Name: cluster-diagnostic-checks-job-dkql8
Namespace: azure-arc-release
Priority: 0
Service Account: cluster-diagnostic-checkssa
Node: <none>
Labels: app=cluster-diagnostic-checks
controller-uid=1285d828-698e-4e7d-b03d-ac819e793024
job-name=cluster-diagnostic-checks-job
Annotations: <none>
Status: Pending
SeccompProfile: RuntimeDefault
IP:
IPs: <none>
Controlled By: Job/cluster-diagnostic-checks-job
Containers:
cluster-diagnostic-checks-container:
Image: mcr.microsoft.com/azurearck8s/clusterdiagnosticchecks:v0.1.0
Port: <none>
Host Port: <none>
Command:
/bin/bash
/cluster_diagnostic_checks_job_script.sh
Args:
None
None
None
eastus
AZUREPUBLICCLOUD
Limits:
cpu: 500m
ephemeral-storage: 1Gi
memory: 2Gi
Requests:
cpu: 500m
ephemeral-storage: 1Gi
memory: 2Gi
Environment: <none>
Mounts:
/var/run/secrets/kubernetes.io/serviceaccount from kube-api-access-5gxkd (ro)
Conditions:
Type Status
PodScheduled False
Volumes:
kube-api-access-5gxkd:
Type: Projected (a volume that contains injected data from multiple sources)
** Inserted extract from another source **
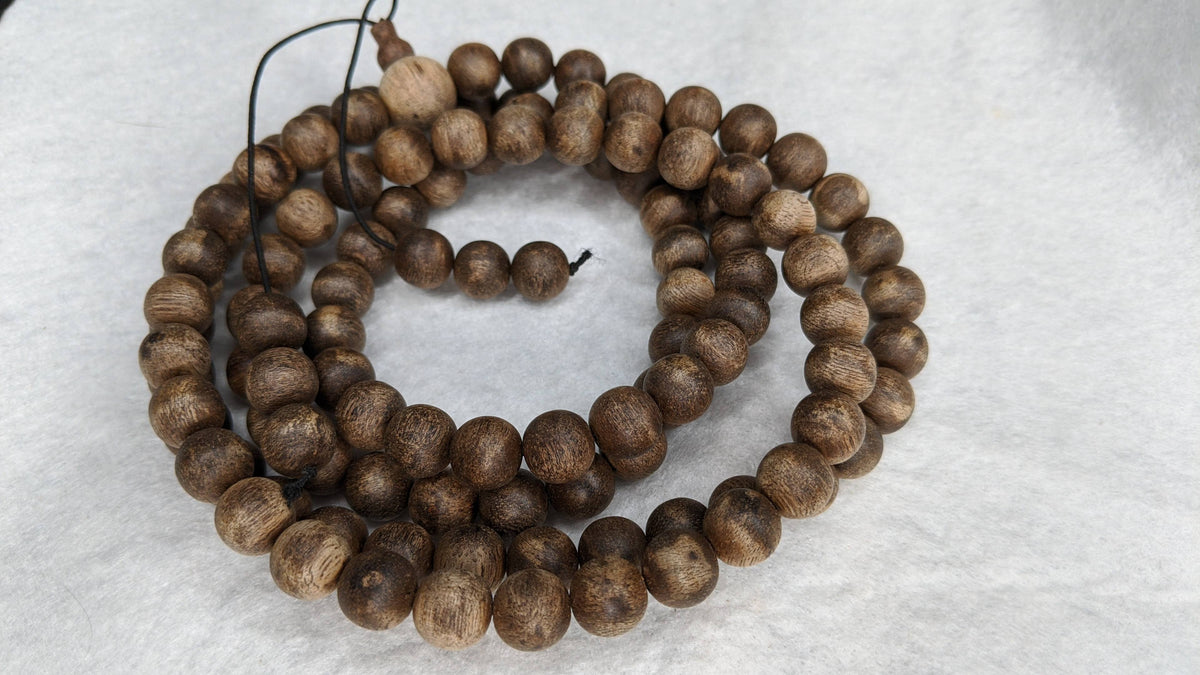 The Wiseman , Wisdom From The Elders, 108 mala made from Wild Agarwood from a small village -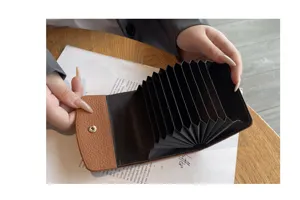 Gros-plan d'un porte-cartes accordéon compact en cuir véritable avec fentes multiples.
TokenExpirationSeconds: 3607
ConfigMapName: kube-root-ca.crt
ConfigMapOptional: <nil>
DownwardAPI: true
QoS Class: Guaranteed
Node-Selectors: kubernetes.io/os=linux
Tolerations: kubernetes.io/arch=amd64:NoSchedule
kubernetes.io/arch=arm64:NoSchedule
node.kubernetes.io/not-ready:NoExecute op=Exists for 300s
node.kubernetes.io/unreachable:NoExecute op=Exists for 300s
Events:
Type Reason Age From Message
---- ------ ---- ---- -------
Warning FailedScheduling 16s gke.io/optimize-utilization-scheduler 0/3 nodes are available: 1 node(s) had untolerated taint {ToBeDeletedByClusterAutoscaler: 1684257394}, 2 Insufficient cpu, 2 Insufficient memory. preemption: 0/3 nodes are available: 1 Preemption is not helpful for scheduling, 2 No preemption victims found for incoming pod.
Normal TriggeredScaleUp 11s cluster-autoscaler pod triggered scale-up: [{https://www.googleapis.com/compute/v1/projects/subscripify/zones/us-central1-a/instanceGroups/gk3-autopilot-cluster-1-pool-1-3cb7bde1-grp 0->1 (max: 1000)}]
Unfortunately, the container does not produce any logs whatsoever.
I don't think this is a resource problem, I am looking at the resource quota limits on Google Cloud here(https://console.cloud.google.com/iam-admin/quotas?project=my-project) and they seem adequate - but I am a little less experienced with Google Cloud than I am Azure. Is there anyone out there that has tried this (specifically Azure Arc connected to GKE autopilot cluster) and been successful? If so - can you offer a little nudge in the right direction?